3. Constitution for England post-independence
(My comments apply to the UK as a whole if independence is not forthcoming!)
I see the priorities as:
· a written constitution replacing all precedents and individual laws of bearing on the relationship between citizens and the UK or English state, and between different organs and bodies of the UK / English state
· an elected Head of State to replace the monarchy
· an elected Upper House
· a referendum on a range of choices of funding allocation systems to parts of the UK (or, if independent, to England). This is one of the biggest causes of grievance and disharmony in the UK at present. Part of the problem is the opaque nature of the allocation, which gives rise to misunderstandings and exaggerations, fuelled by party propaganda. This must be replaced by a system chosen in a referendum and made very clear in its function, logic and calculations.
· English local government - along with its funding, its powers, its role and position in the constitution - must be rationalised as part of a new written constitution. Ideally, once independent (but not before), England should administer itself through a small number of large regions - probably along the lines of North, Midlands, South-East (including London) and South-West. This is mainly for reasons of transport and infrastructure planning. Only by having large regions is it possible on such a small territory with so many concentrations of population to mark boundaries which avoid splitting densely populated areas. The current core level of local government is the districts, boroughs, and unitary authorities. These should be retained. Two-tier counties, however, should be removed from the scene as they are neither big enough to be useful nor small enough to be local. However, to keep people happy, brown road signs must be put up on all borders of the 1898 counties (ie before the creation of London County Council) saying "Welcome to the Historic County of ....". The historic counties, however, should have no adminstrative or legal identity. Elections to the regions, and to the districts, boroughs and unitaries within each region, must be by a fair voting system such as FPTPA or STV.
· There must be a steady alignment of all sub-national bodies (eg NHS, Police forces, Schools Commissioners, local government) so that ultimately each body's sub-divisions map onto the new regions. Part of the distrust of all organisations felt by more and more of the people is a result of not knowing who adminsters what in their locality / county / borough etc. This is hardly surprising, given how different the zoning is between different bodies.
· Combined authorities and LEPs must be disbanded as they have been set up largly by themselves and without democratic will. Once the new regions are in place, rational arrangements for such functions as transport planning, regeneration, housing etc will be decided by the regions by democratically elected regional elections.
· The central parliament should be much reduced in size. Representatives from the regional governments would be chosen to join the central government / cabinet. General elections would be for the sole purpose of directly choosing the head of state, prime minister, and cabinet. The government could be brought down if there were a sufficient majority of regional parliament members prepared to vote against it in a vote of confidence which would be called by the elected president. Cabinet ministers would be voted for, nationally, and the voting would therefore be proportional. Candidates would have to have served as regional ministers for a minimum period of time before being eligible for central office. Political parties must be barred from blocking any of their regional politicians from standing for election to central office.

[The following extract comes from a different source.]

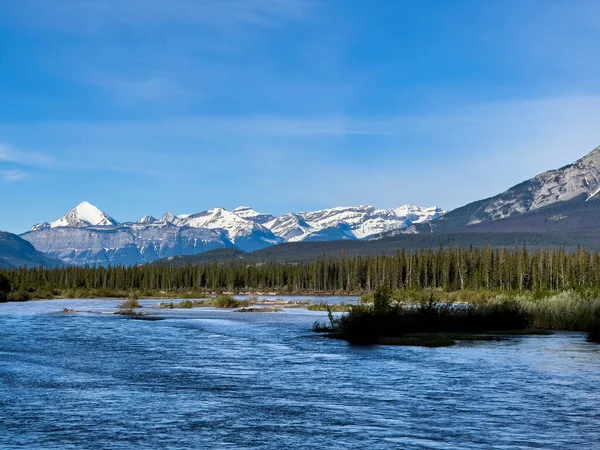 Summer Landscape Banff National Park Canada — Stock Fotó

· The upper house should be even more drastically cut in numbers. Candidates for the upper house would only be allowed to stand for election if they could demonstrate that they had spent at least ten years (since turning 21) entirely outside the political process and institutions.
· The judiciary would be appointed by the president subject to approval by both houses of parliament.
· The church of England should be disestablished and should have no seats in any part of parliament or government.